The Poiesis blog had slowed down during the summer, mainly due to unfortunate injury to my right hand, which in turn first stalled and then slowed my typing and writing.  I will be gradually back to the intended pace. The “break”, however, revealed few observations:

(1) The volume of textual communication (emails, texts, notes) are written without much thought. Writing polite and laconic responses is hard!

(2) How AI on voice-activated typing is still behind the curve for voices with accents!  For short phone messages and texts, the voice app was fine.  For longer word documents, the voice-activated typing was awkward and slow, but doable. For typing technical documents (latex, programming codes), one might as well think of AI as being non-existent.

(3) How staggering is the differential in the abilities of our two hands: I learned that I am truly not ambidextrous.

The positive thing about the quietude due to the absence of writing is the increase in the volume of reading.

As I read through David McCullough’s excellent biography of President John Adams, I came across a story about Thomas Jefferson.

In 1782, a widower at the age of 39, and having already lost four of his children when they were young, Thomas Jefferson was bereft with grief, imposed himself into exile in Monticello seeking time and silence as medicine.  He was eventually convinced to become the Minister Plenipotentiary to France.

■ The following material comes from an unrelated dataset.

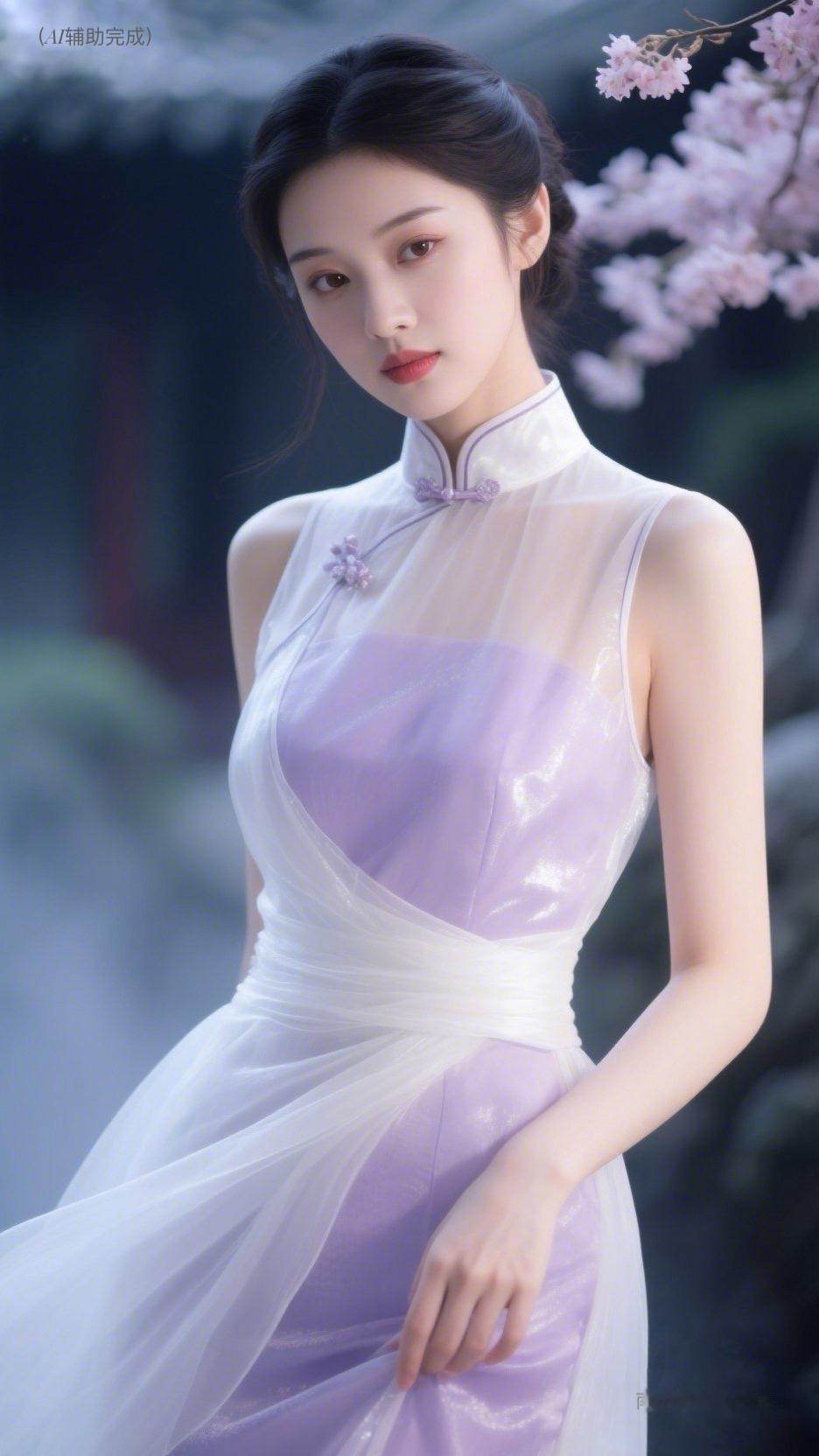 淡紫旗袍缀盘扣，白纱轻笼显曼妙。发髻典雅发丝柔，轻触衣襟或捏扣，眉眼含笑态温婉。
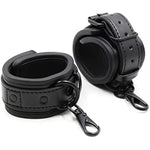 Padded Faux Leather Sex Cuffs, Bdsm Kits Bondage Restraints Toys Bondage Handcuffs Ankle Cuffs For Sex Games (Handcuffs, Black-3)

In Paris, in 1786, Thomas Jefferson fell madly in love with Maria Cosway, a 27-year old married Englishwoman.  By all accounts,  they were constant social companions. Towards the end of Maria’s stay in Paris, Thomas Jefferson had an accident (the accounts on how the accident occurred differ significantly) and broke his right wrist.

Thomas Jefferson was right-handed.

After their last meeting, in love and agony, contemplating romance and temperance, Thomas Jefferson taught himself to write with his left hand and wrote the  “Head and Heart” letter entirely with his left hand.

It is an unusual love letter: Polemic and Poetic.  Constrained and carefree. Head and heart.

It doesn’t compare to the eloquence and intellect in the Declaration of Independence,  but the letter is possibly the best thing that Thomas Jefferson wrote with his left hand.